Floods can happen in a flash: If creek levels suddenly rise or fall, move to higher ground and call 911.

Stay alert: Monitor the weather, watch water levels in creeks, look for shifting landscape formations or structures.

Be ready to respond: Make an emergency plan in advance. Choose an emergency contact. Designate safe meeting places.

Get emergency updates: Get emails or text messages by signing up at boco911alert.com.

Buy flood insurance: Visit floodsmart.gov or call 888-379-9531 for more information. Boulder residents may be eligible for a discount.

Protect your property: Adjust downspouts and prevent floodwaters from entering through window wells, doors and other openings.

Know your neighbors: Collect your neighbors' contact information for emergency situations.

Prepare for basement flooding: Consider buying a sump pump and test your dewatering system.

For more information: boulderfloodinfo.net

Source: City of Boulder

Boulder Office of Emergency Management:

boulderoem.org

The heavy rains and scattered thunderstorms in Boulder County over the weekend gave emergency officials a taste of what may be coming during flash flood season this summer.

With the ground still heavily saturated from September's floods, the rain that fell off and on for multiple days last week pooled in underpasses, streets and drainage areas, and it gave residents of the area burned in the Fourmile Fire of 2010 a short-lived scare.

Ultimately, emergency officials said the storms didn't cause any significant destruction and allowed them to test their plans ahead of what's sure to be another busy flash flood season in Colorado.

"More runoff, less absorption into the ground — those factor into what we're looking at," said Boulder Office of Emergency Management director Mike Chard. "We get storms happening and saturation and multiple-day events of rain; of course, that increases the concern."

At about 8:20 p.m. Friday, emergency officials made reverse-notification calls to people in part of the Fourmile burn area, and the National Weather Service warned residents to move to higher ground. Officials lifted the warning half an hour later.

Several underpasses in Boulder were still closed Tuesday because of localized flooding and standing water, though city officials said that's a common occurrence this time of year.

"If anything else, what the weekend has done is it's allowed us to test all of our new plans, our new procedures and see how they worked," Chard said. "They seemed to hold pretty well."

That office has been fine-tuning new flood response plans since the Fourmile Fire in 2010, Chard said.

Some of the localized flooding in streets and private driveways that occurred last weekend could have been caused by small debris leftover from September's floods, officials said.

Boulder County transportation crews cleared debris from culverts over the weekend, and they worked on a low spot on Longmont Dam Road on Tuesday, said county transportation spokesman Andrew Barth.

County crews worked constantly this winter to remove large hazardous debris from creeks and drainage areas, and that work paid off, Chard said, though there were a few issues that crews weren't able to predict until the latest thunderstorms passed over.

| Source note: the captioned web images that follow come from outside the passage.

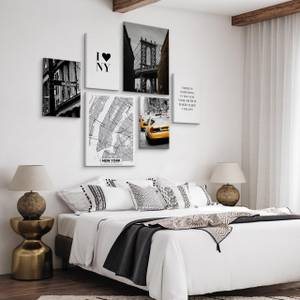 Set De Tableaux New York Citation Taxi Noir - Gris - Blanc - Jaune - Textile - 90 x 80 x 80 cm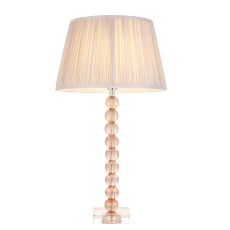 Adelie 1 Light E14 Table Lamp Nickel With Blush Tinted Crystal Glass With Inline Switch C/W Freya 12" Dusky Pink Gathered Silk Fabric Shade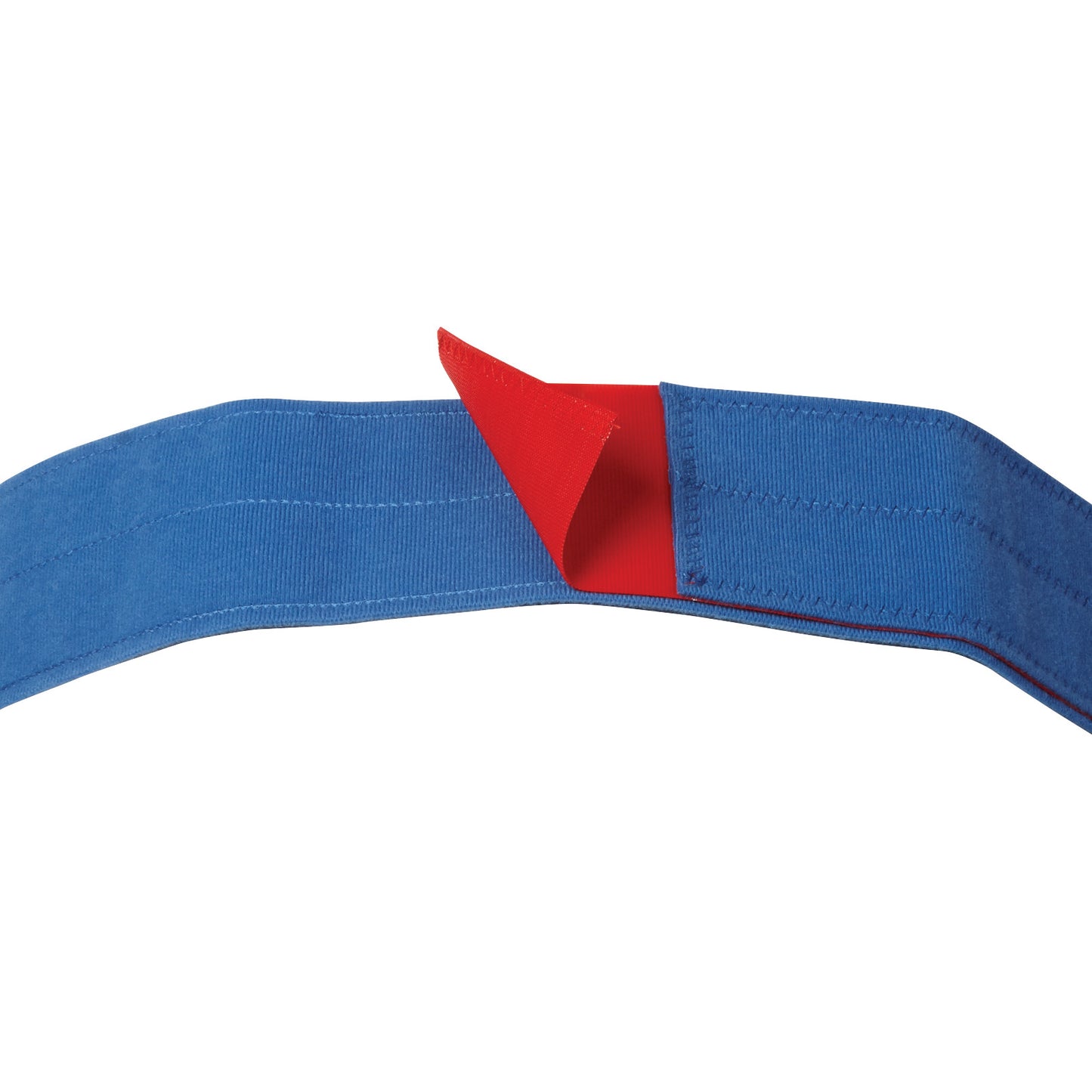 An AliMed Universal Strap, One-Piece, One Closure, No Side Rail. It features a blue strap with a red hook and loop   closure.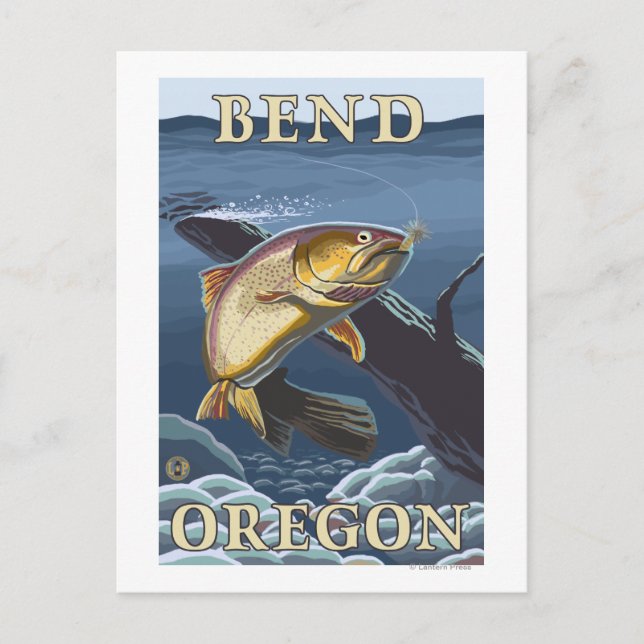 Carte Postale Trout Fishing Cross-Section - Bend, Oregon (Devant)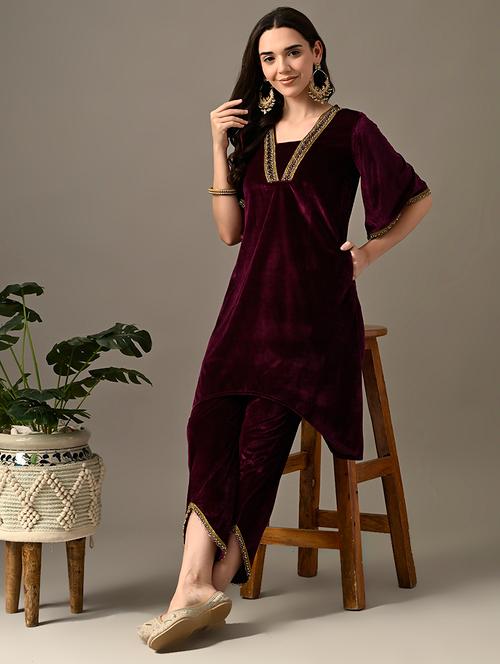 women lace detailed bell sleeves kurta and pant set - 21899120 - Very Small Image - 1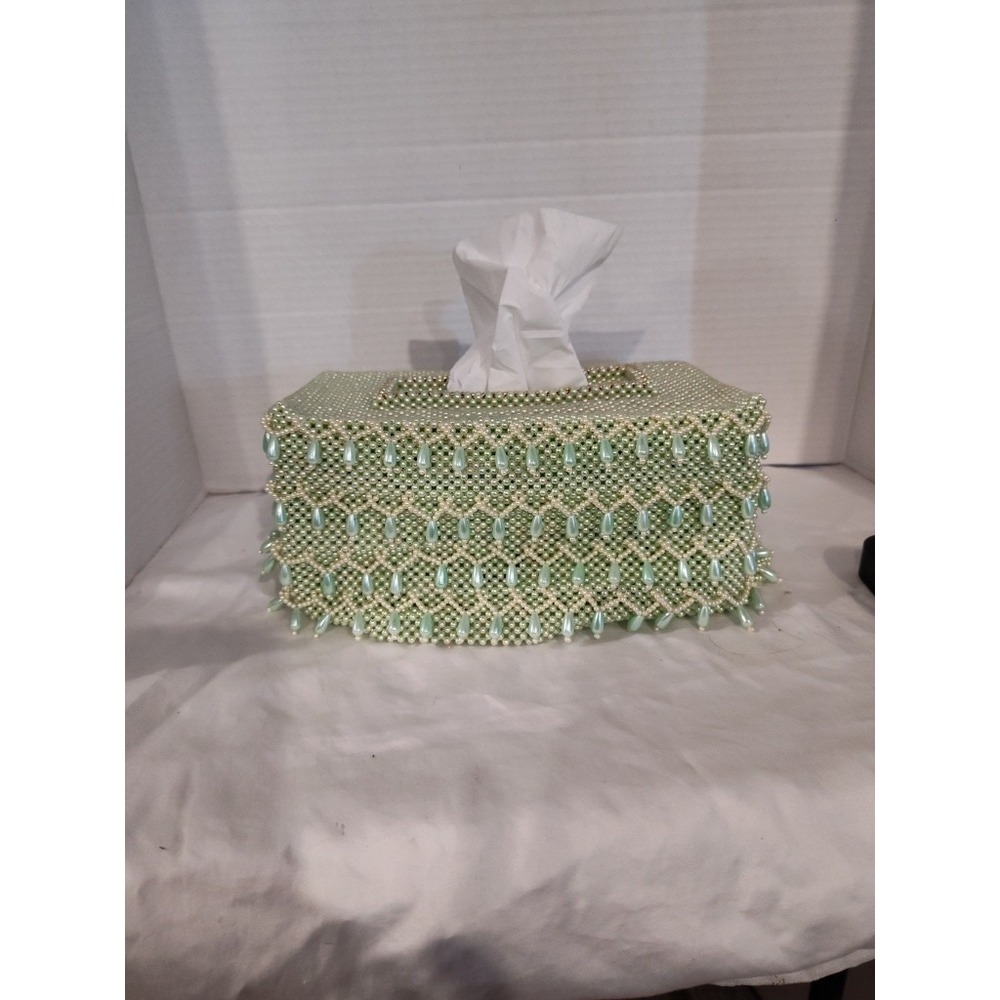 Handmade Green & White Beaded Tissue Box Cover 9.5"x4.5"x 5.5" Standard box size
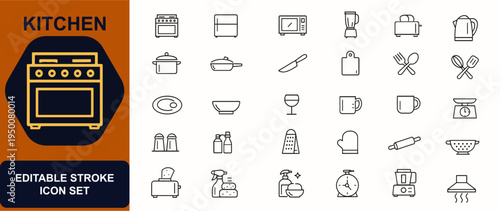 Kitchen web icons in line style. Appliances, utensils, oven, blender, microwave, tableware, knife, kettle, bowl, plate, cooking tools. Editable stroke. Vector illustration.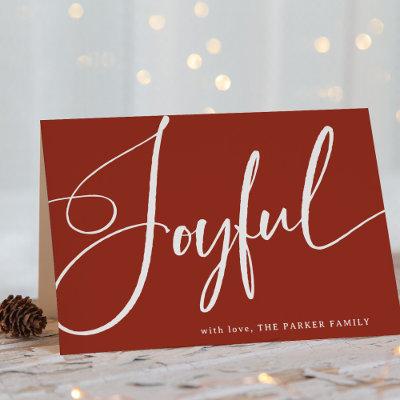 Joyful | Elegant Script on Red Holiday Card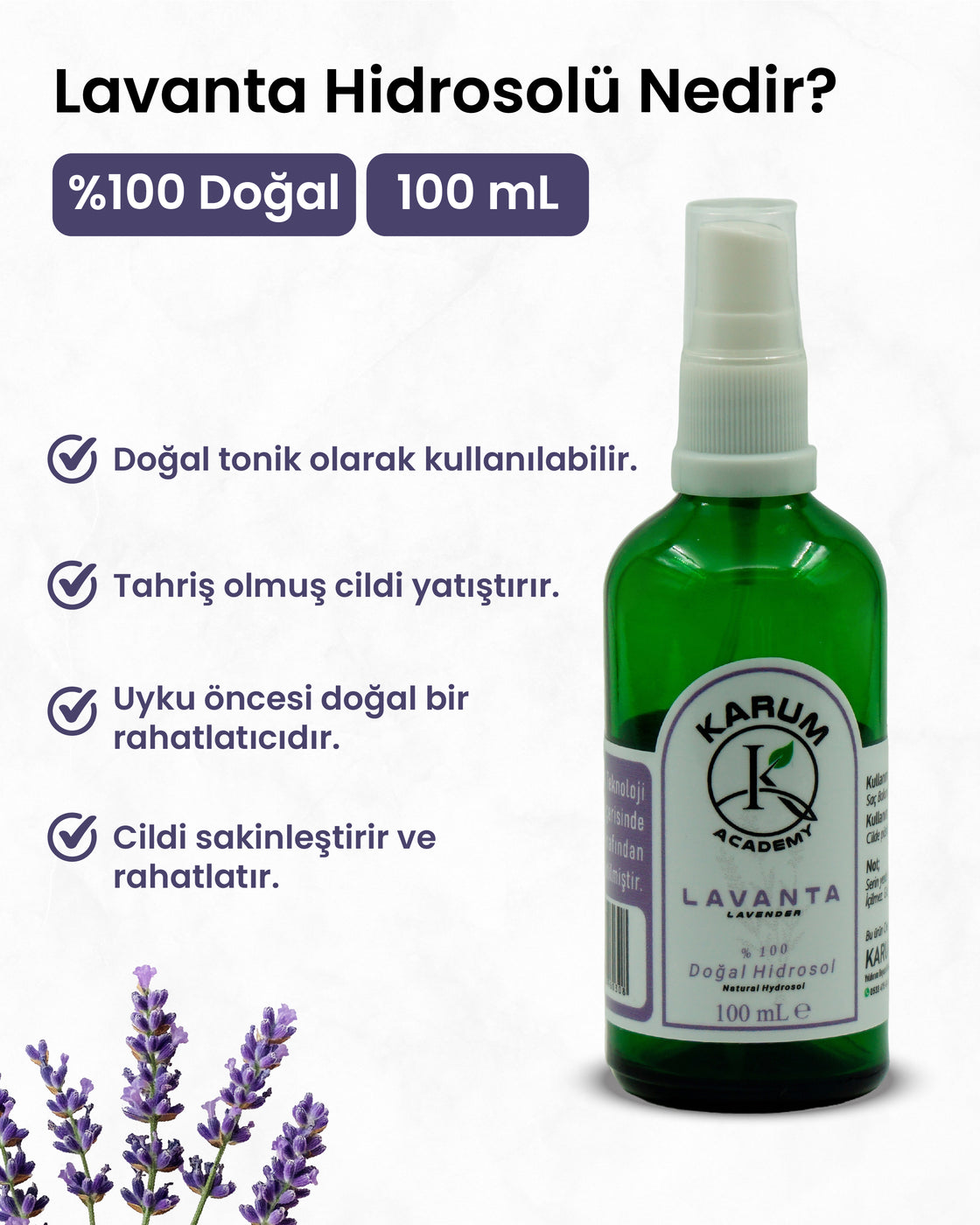 Lavanta Hidrosolü %100 Doğal & Saf Bitki Suyu Doğal sakinlik ve ferahlık şimdi lavantanın huzur veren etkisiyle! 100mL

Chard said there was some rock movement up Boulder Canyon near Sugarloaf Mountain that crews cleared quickly. There was also some bank erosion along the North and South St. Vrain creeks that caused one tree to fall over and a few others to almost fall over, he said.

In Lyons, officials closed McConnell Road on Saturday night because of erosion.

"There was some frequency of something happening in the creeks and rivers, but they were very minor in severity, and we hope that holds and continues," Chard said. "They weren't going to show themselves until (weather events) happened."

Flash flood season officially began April 1 and ends Sept. 1, though it's not just local rains and thunderstorms that can cause flooding, Chard said.

Thunderstorms high up in the mountains can cause the snow to melt quickly, prompting spring runoff to accelerate and fill the creeks within the county.

Chard added that extra runoff may also occur because the ground is still saturated with water from September's floods. The water table can stay elevated for a year to 18 months after such a major rain event, Chard said.

All of those factors have led emergency officials to ask residents to be extra vigilant this flash flood season.

"Make sure you're signed up for emergency warnings, have a plan, have a weather radio," Chard said. "Pay attention to the skies; pay attention to the forecast."